They would always comment that he was a few bricks shy of a full load, or two pickles short of a barrel. To prove it, sometimes they would offer Johnny his choice between a nickel and a dime, and John would always take the nickel.
One day after John grabbed the nickel, the store owner took him aside and said, "Johnny, those boys are making fun of you. They think that you don't know that the dime is worth more than the nickel. Are you grabbing the nickel because it's bigger, or why?"

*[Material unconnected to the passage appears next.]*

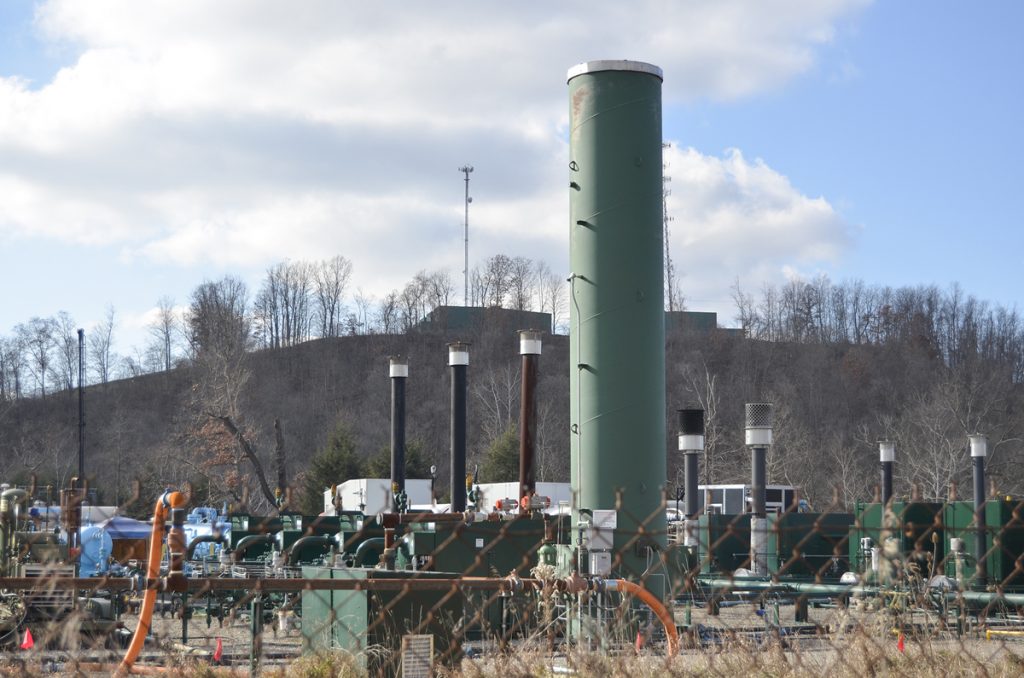 120117-Gas-Well-1 A natural gas well site operates in southwestern Pennsylvania. (Amy Sisk/StateImpact Pennsylvania)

Slowly, Johnny turned toward the store owner and a big grin appeared on his face and Johnny said, "Well, if I took the dime, they'd stop doing it. So far I have saved up $20!"
Speeding Schoolteacher
In the traffic court of a large Midwestern city, a young lady was brought before the judge to answer for a ticket given her for driving through a red light. She explained to his honor that she was a school teacher and requested an immediate disposal of her case so she could get to the school on time.

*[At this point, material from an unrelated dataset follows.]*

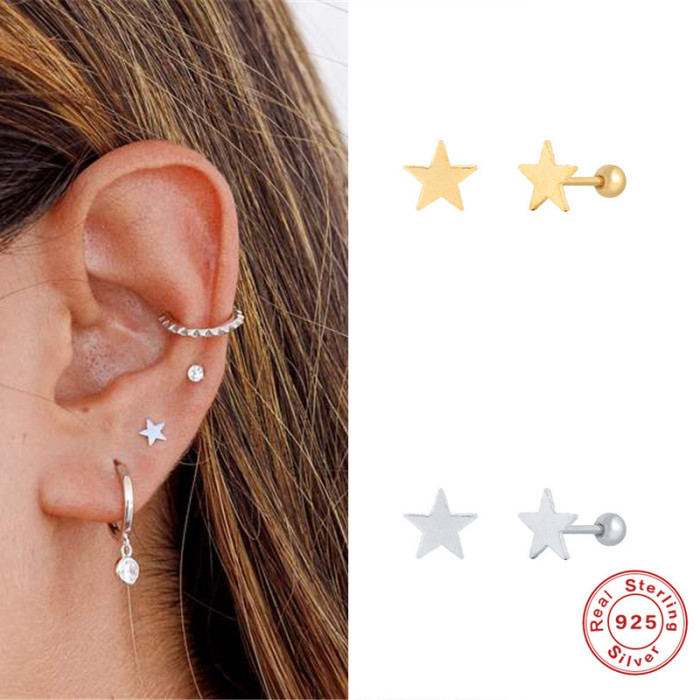 S925 Sterling Silver Simple Smooth Five-Pointed Star Threaded Piercing Single Earring Cross-Border Trendy Personality Minimalist Style Earrings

A wild gleam came into the judge's eyes. "You're a schoolteacher, eh?" he said. "Madam, I shall realize my lifelong ambition. I've waited years to have a schoolteacher in this court. Now sit down at that table and write 'I will not drive through red lights' 500 times!"
Chemical Plant Fire
One dark night outside a small town, a fire started inside the local chemical plant. Before long it exploded into flames and an alarm went out to fire departments from miles around. After fighting the fire for over an hour, the chemical company president approached the fire chief and said, "All of our secret formulas are in the vault in the center of the plant. They must be saved! I will give $50,000 to the engine crew that brings them out safely!"

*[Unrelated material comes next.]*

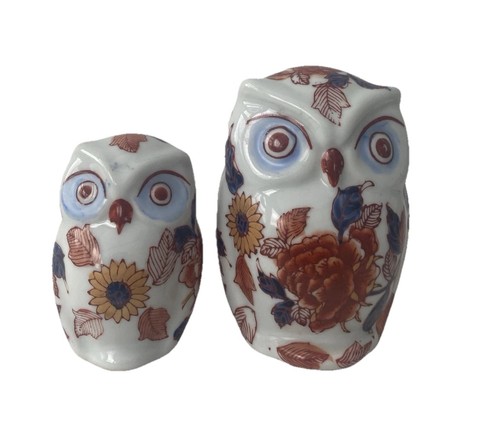 Vintage imari porcelain owls - porcelain,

As soon as the chief heard this, he ordered the firemen to strengthen their attack on the blaze. After two more hours of attacking the fire, president of the company offered $100,000 to the engine company that could bring out the company's secret files. From the distance, a long siren was heard and another fire truck came into sight. It was a local volunteer fire department composed entirely of men over 65.
To everyone's amazement the little fire engine raced through the chemical plant gates and drove straight into the middle of the inferno. In the distance, the other firemen watched as the old-timers hopped off of their rig and began to fight the fire with an effort that they had never seen before.
After an hour of intense fighting, the volunteer company had extinguished the fire and saved the secret formulas. Joyous, the chemical company president announced that he would double the reward to $200,000 and walked over to personally thank each of the volunteers.
After thanking each of the old men individually, the president asked the group what they intended to do with the reward money. The fire truck driver looked him right in the eye and said, "The first thing we're going to do is fix the dang brakes on that truck!"
Car Chase
One evening, two Alabama State Trooper patrol cars were in hot pursuit of a Chevy Camaro going east on I-20 toward Georgia. When the suspect crossed the Georgia line, the first Trooper pulled over quickly.
The rookie Trooper pulled over right behind him and asked, "Hey Sarge, why did you stop?"
The Sarge replied, "You stupid rookie! That guy's in Georgia now. They're an hour ahead of us, so we'll never catch him."